§ **Instructions to follow**
Please produce an exact copy of only the lines from the one with "Pack of 2pcs, Comfort" through the last one of the material, without pictures.

§ **Data**
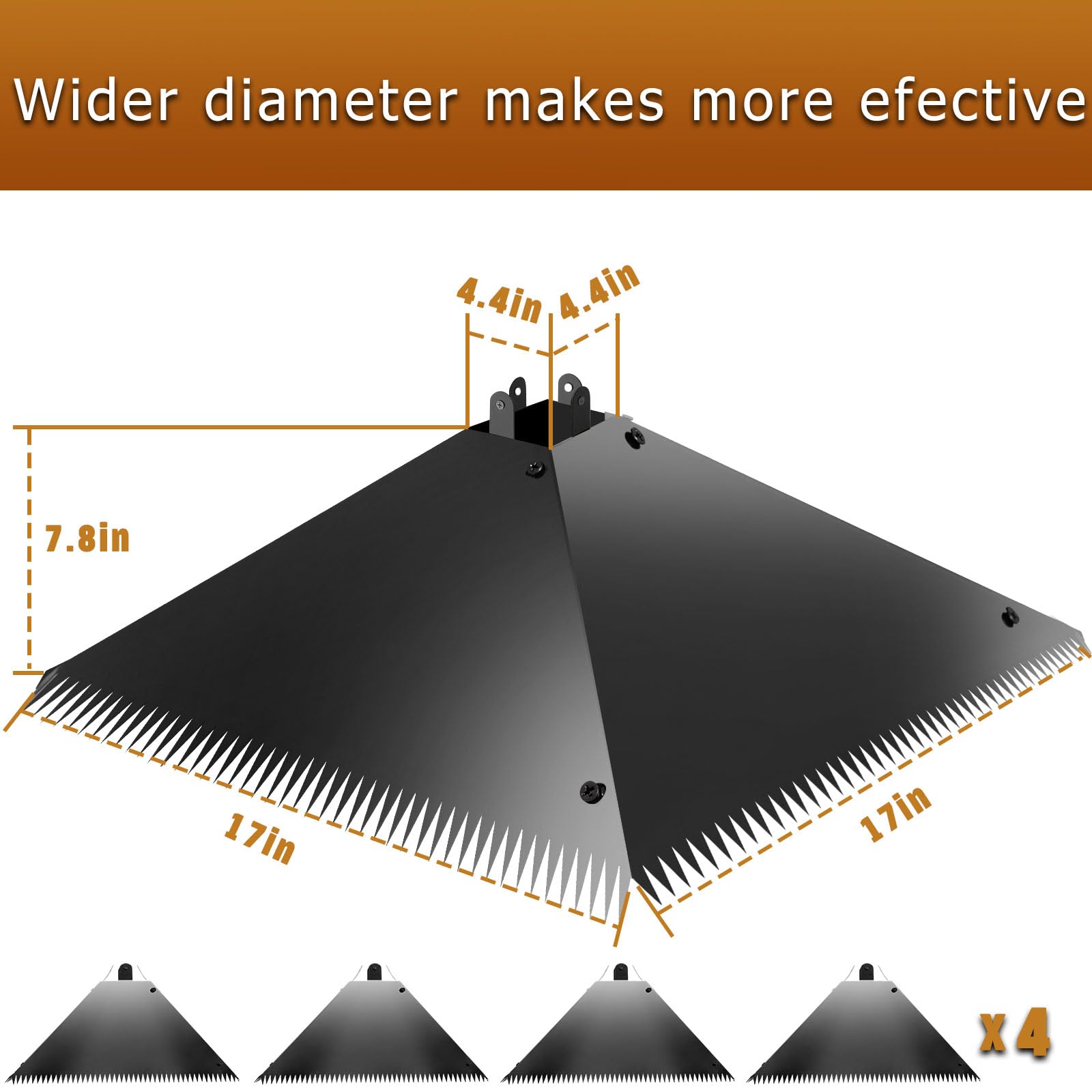 TSSOIYLR 4x4 post baffle square design fits standard posts.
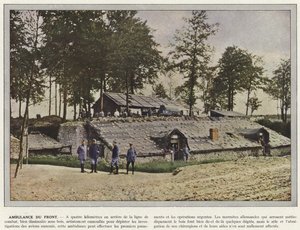 Främre ambulans av Jules Gervais Courtellemont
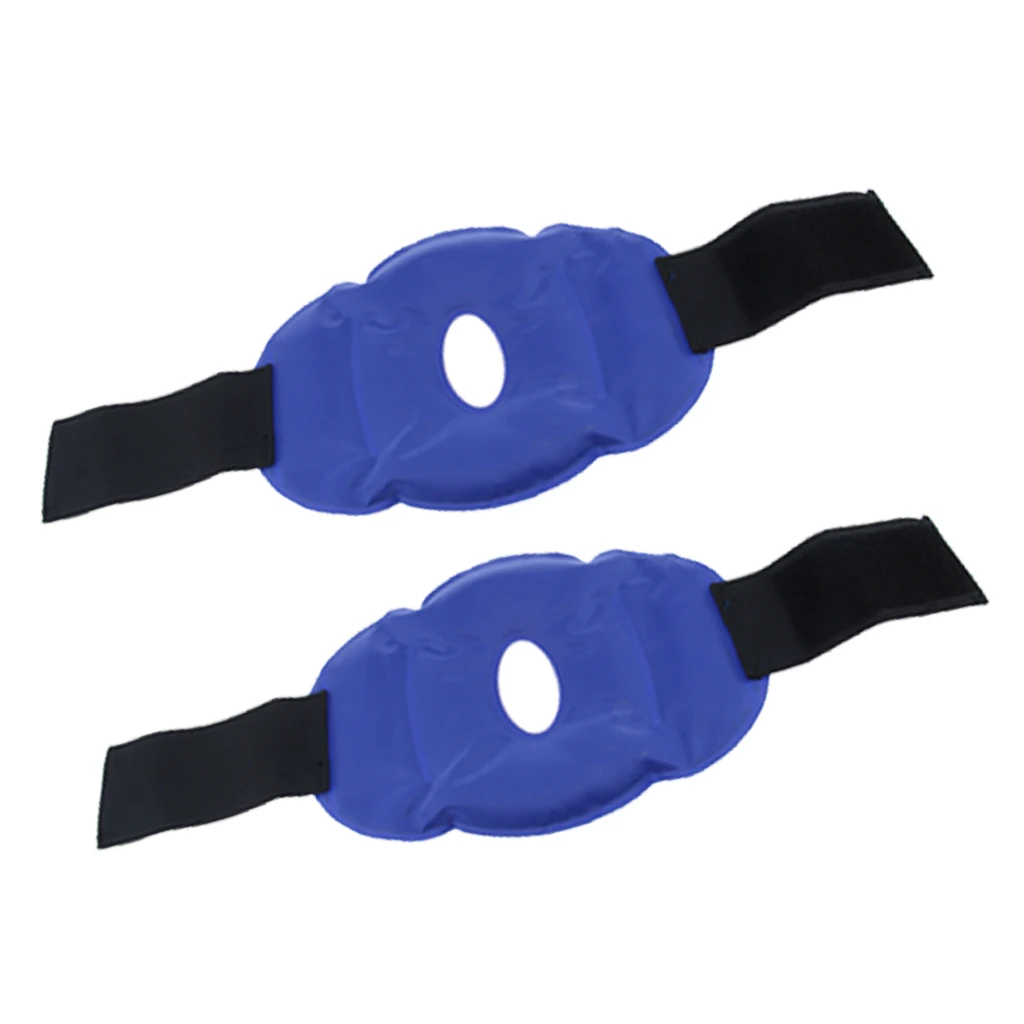 Pack of 2pcs, Comfort Knee Hot Cold Pack Wraps, Gel Ice Bags Cold Knee Brace with Strap for Injury, Swelling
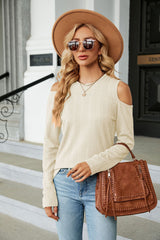 Round Neck Loose Long Sleeve T-shirt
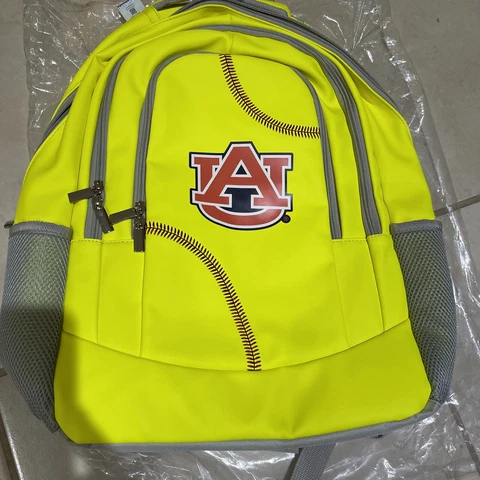 Auburn Tigers University Softball Backpack Yellow NEW Cover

§ **Exercise result**
 Pack of 2pcs, Comfort Knee Hot Cold Pack Wraps, Gel Ice Bags Cold Knee Brace with Strap for Injury, Swelling
 Round Neck Loose Long Sleeve T-shirt
 Auburn Tigers University Softball Backpack Yellow NEW Cover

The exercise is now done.